Reino Paasilinna (5 December 1939 – 21 July 2022) was a Finnish politician who served as a Member of the European Parliament (MEP). He was a member of the Social Democratic Party of Finland, which is part of the Party of European Socialdemocrats. He was in the European Parliament from 1996 to 2009, and sat on the Parliament's Committee on Industry, Research and Energy.

Reino Paasilinna was born on Aunus, a ship on the Arctic Ocean, on the coast of Norway, where the Paasilinna family fled during the Winter War.

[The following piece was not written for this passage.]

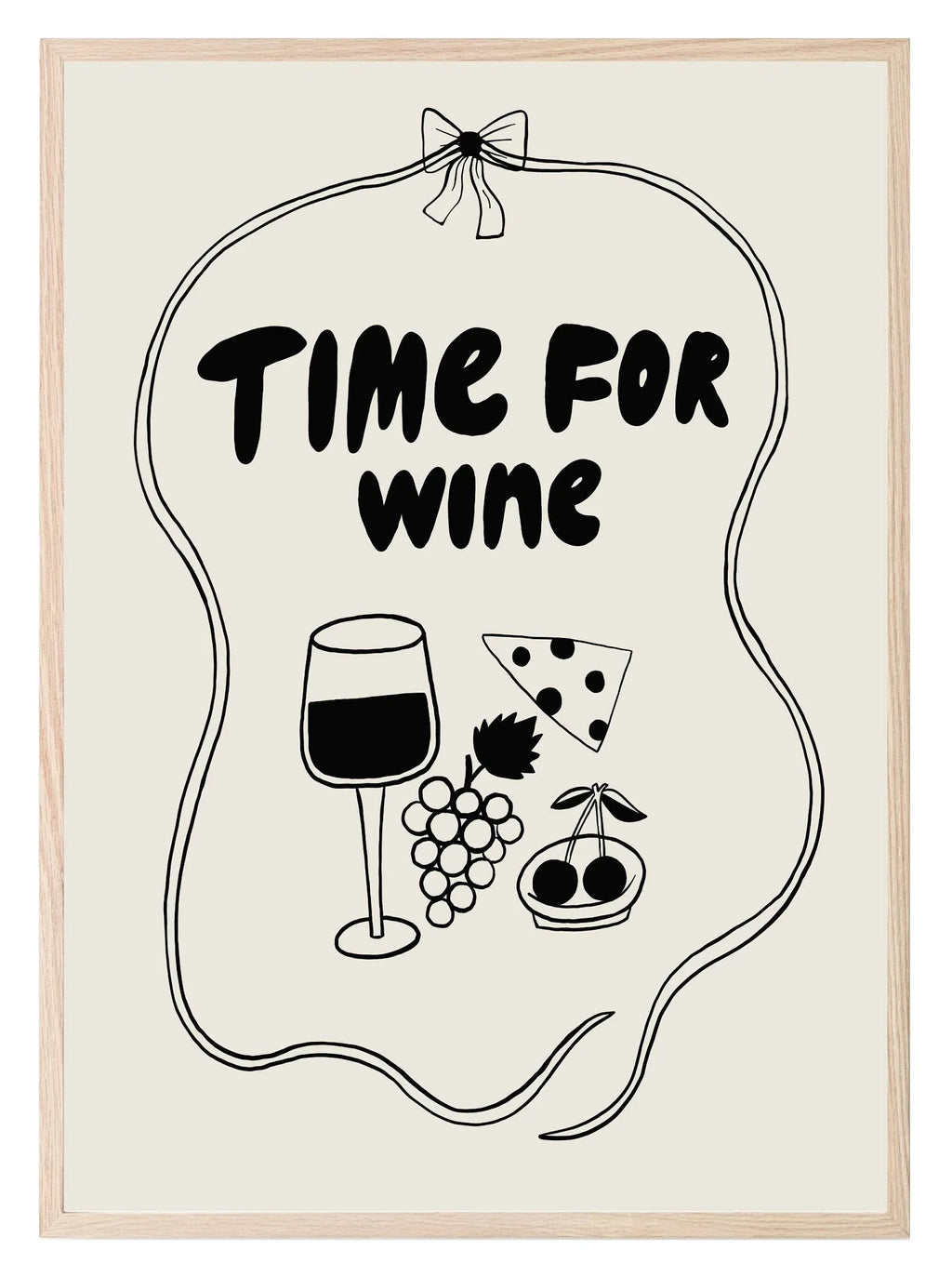 Time For Wine Print | Kitchen Wall Art - Larosier Prints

His family is from Petsamo but they moved to Kittilä because the Soviet Union invaded Petsamo during the Winter War.

He was also a substitute for the Committee on Culture and Education, vice-chair of the delegation to the EU–Russia Parliamentary Cooperation Committee, and a substitute for the delegation for relations with the countries of Central America.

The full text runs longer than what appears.